Baselines re-implemented for direct comparison include GGNN (Li et al., 2015), R-GCN (Schlichtkrull et al., 2017), R-GAT (edge-typed GAT), R-GIN (Xu et al., 2019), and GNN-MLP0/1 variants. Extensive hyperparameter search ensured fair comparison, revealing that inter-model differences are smaller than previously reported when tuning is controlled. Training used early stopping and results were averaged over 5–10 random seeds.
4. Quantitative Results
Performance across tasks can be summarized as follows, with GNN-FiLM often achieving the best or competitive metrics:
| Task (Metric) | GNN-FiLM | Best Baseline | Comment |
|---|---|---|---|
| PPI (micro-F1) | 0.992 ± 0.000 | GNN-MLP0/1: 0.992 | Fastest convergence |
| QM9, α (polarizability, MAE) | 3.75 ± 0.11 | GNN-MLP0: 4.27 ± 0.36 | GNN-FiLM best |
| QM9, HOMO (MAE) | 1.22 ± 0.07 | GNN-MLP0: 1.25 ± 0.04 | GNN-FiLM best |
| QM9, U0 (MAE) | 5.43 ± 0.96 | GNN-MLP0: 5.55 ± 0.38 | GNN-FiLM best |
| VarMisuse SeenProjTest (Acc) | 87.0 ± 0.2 | R-GCN: 87.2 ± 1.5 | GNN-FiLM competitive |
| VarMisuse UnseenProjTest | 81.3 ± 0.9 | R-GCN: 81.4 ± 2.3 | GNN-FiLM competitive |
GNN-FiLM matches or outperforms baselines on all 13 regression targets in QM9. All re-implementations outperform the originally reported GGNN reference. Simple GNN-MLP(0/1) variants can match or beat previously state-of-the-art GGNN, R-GCN, and R-GAT under uniform tuning (Brockschmidt, 2019).
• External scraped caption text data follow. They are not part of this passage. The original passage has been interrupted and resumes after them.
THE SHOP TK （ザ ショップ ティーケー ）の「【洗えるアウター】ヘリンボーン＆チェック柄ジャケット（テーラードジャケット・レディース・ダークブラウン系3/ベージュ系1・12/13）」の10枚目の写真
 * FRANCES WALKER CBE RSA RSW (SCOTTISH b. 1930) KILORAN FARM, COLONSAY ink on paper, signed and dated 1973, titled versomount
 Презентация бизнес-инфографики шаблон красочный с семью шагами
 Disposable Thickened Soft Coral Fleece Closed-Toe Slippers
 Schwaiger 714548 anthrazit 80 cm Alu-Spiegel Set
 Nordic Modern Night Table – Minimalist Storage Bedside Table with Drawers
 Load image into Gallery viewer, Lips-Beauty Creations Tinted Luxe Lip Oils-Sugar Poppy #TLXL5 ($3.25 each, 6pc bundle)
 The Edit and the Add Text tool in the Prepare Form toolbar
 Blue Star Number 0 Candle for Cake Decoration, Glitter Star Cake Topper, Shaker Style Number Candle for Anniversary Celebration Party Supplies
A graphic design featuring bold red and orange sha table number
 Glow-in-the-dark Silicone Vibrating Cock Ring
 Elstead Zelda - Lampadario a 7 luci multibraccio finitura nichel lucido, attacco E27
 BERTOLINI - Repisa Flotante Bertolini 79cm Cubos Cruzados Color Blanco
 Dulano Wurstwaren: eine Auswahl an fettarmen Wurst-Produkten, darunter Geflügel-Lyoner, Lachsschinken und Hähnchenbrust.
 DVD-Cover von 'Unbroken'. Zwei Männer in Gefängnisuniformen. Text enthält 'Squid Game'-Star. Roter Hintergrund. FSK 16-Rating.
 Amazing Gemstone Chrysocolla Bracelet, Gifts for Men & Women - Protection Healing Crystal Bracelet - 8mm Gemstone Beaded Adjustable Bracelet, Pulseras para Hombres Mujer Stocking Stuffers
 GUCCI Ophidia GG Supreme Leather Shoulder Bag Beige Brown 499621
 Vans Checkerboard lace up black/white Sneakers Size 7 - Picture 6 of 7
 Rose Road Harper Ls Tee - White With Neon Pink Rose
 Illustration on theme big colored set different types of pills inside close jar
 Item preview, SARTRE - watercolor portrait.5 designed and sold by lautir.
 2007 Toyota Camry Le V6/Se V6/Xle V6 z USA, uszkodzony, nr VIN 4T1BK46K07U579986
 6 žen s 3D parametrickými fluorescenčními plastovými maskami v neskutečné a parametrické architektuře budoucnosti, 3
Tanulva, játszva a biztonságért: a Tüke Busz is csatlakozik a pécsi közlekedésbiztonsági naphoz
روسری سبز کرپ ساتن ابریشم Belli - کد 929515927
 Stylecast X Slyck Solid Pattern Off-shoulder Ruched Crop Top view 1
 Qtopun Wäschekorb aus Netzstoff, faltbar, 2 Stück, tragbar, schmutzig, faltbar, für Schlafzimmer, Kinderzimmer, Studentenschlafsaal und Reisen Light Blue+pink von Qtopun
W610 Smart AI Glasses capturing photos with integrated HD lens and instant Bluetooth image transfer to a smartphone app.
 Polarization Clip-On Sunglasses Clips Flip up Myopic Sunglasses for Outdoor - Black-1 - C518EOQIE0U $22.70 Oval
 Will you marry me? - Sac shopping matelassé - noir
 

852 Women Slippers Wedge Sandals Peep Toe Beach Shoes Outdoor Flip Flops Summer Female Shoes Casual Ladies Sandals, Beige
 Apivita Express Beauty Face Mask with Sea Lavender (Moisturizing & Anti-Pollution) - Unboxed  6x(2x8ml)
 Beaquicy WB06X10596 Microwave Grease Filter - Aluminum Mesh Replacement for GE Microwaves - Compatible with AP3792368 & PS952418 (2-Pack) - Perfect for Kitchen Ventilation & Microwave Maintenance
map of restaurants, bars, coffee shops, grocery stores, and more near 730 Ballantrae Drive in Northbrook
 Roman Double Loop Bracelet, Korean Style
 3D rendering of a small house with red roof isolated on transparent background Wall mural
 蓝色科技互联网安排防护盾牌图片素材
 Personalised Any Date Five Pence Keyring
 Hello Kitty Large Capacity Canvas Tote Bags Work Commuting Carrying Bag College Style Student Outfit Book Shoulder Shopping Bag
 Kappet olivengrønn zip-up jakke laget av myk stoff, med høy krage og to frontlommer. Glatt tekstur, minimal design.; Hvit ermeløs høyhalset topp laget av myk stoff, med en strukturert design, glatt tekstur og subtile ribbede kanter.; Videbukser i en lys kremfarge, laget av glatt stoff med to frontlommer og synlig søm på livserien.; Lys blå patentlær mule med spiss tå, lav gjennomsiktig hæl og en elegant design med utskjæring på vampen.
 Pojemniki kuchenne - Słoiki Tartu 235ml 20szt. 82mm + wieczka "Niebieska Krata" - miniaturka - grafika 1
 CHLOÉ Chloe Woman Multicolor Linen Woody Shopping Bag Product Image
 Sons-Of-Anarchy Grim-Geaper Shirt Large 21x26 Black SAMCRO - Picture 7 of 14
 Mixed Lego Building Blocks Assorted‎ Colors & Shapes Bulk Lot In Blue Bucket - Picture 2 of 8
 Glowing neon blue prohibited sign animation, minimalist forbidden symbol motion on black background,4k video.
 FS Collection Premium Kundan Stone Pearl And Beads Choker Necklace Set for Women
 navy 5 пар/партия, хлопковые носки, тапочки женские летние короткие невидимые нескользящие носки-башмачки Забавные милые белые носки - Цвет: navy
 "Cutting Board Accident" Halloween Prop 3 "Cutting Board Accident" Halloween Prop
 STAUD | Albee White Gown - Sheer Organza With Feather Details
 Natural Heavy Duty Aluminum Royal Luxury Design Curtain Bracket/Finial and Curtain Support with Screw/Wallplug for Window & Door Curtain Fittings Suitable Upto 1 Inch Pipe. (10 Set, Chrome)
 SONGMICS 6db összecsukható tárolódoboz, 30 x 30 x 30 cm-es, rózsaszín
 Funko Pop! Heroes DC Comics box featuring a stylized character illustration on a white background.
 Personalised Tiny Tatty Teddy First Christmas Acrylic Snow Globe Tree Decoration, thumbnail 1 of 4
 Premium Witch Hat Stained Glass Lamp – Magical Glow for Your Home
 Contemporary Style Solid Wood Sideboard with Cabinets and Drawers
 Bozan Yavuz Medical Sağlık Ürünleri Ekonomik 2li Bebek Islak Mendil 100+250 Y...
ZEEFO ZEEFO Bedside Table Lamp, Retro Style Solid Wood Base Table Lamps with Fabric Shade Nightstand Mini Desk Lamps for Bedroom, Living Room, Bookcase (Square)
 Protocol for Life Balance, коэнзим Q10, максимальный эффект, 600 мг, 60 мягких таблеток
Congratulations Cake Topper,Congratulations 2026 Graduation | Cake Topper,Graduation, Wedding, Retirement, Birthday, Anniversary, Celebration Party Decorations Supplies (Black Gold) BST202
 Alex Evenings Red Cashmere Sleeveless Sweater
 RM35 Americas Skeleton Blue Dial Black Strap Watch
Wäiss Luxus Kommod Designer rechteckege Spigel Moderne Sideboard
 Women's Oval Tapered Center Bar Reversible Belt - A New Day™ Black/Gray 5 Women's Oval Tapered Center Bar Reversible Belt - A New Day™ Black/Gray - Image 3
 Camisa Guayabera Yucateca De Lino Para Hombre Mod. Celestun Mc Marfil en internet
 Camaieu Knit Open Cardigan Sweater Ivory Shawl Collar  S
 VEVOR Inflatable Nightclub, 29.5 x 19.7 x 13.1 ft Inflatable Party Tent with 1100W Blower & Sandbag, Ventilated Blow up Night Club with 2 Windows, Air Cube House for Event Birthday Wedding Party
5. Mechanistic Insights and Ablation Findings
Target-conditioned, per-feature modulation in GNN-FiLM allows each node to selectively amplify or suppress particular input dimensions of its messages. This facilitates context-sensitive neighbor aggregation in a single layer, as evidenced by the ability to selectively count neighbor types without architectural depth or expansion.
Ablation studies identify that:
- Placing the nonlinearity before aggregation is critical for degree-separability and counting-type problems, though it introduces degree-dependent scaling that must control.
- The single-layer suffices; deeper modulation networks do not improve results.
- FiLM modulation enables tasks requiring context-sensitive gating (such as “count only one edge-type” scenarios) with one layer, compared to the need for extra feature dimensions or stack depth in vanilla GNNs.
6. Strengths, Limitations, and Applicability
Strengths of GNN-FiLM include rapid convergence (fewer training epochs), expressive per-feature gating based on the target node’s context, and parameter efficiency when handling many edge types. Limitations arise from the per-edge modulation computation overhead, though shared computation amortizes cost within nodes.
Optimal use cases are where each node must dynamically control which aspects of its neighbors to aggregate, or tasks involving numerous edge types that would otherwise require an unsustainable explosion of parameters if handled by fixed matrices alone. When FiLM modulation is most effective, it enables richer source–target interactions and achieves state-of-the-art or competitive results with modest model complexity.
7. Summary and Broader Context
GNN-FiLM introduces a lightweight, feature-wise affine modulation mechanism into standard message-passing GNNs. This architectural refinement, by conditioning incoming edge messages on the target node’s hidden state, principal enables selective and context-dependent information propagation. The approach delivers state-of-the-art or competitive performance across node classification, graph regression, and program analysis tasks, with faster convergence and high parameter efficiency, especially under rigorous hyperparameter search and reimplementation of baselines (Brockschmidt, 2019).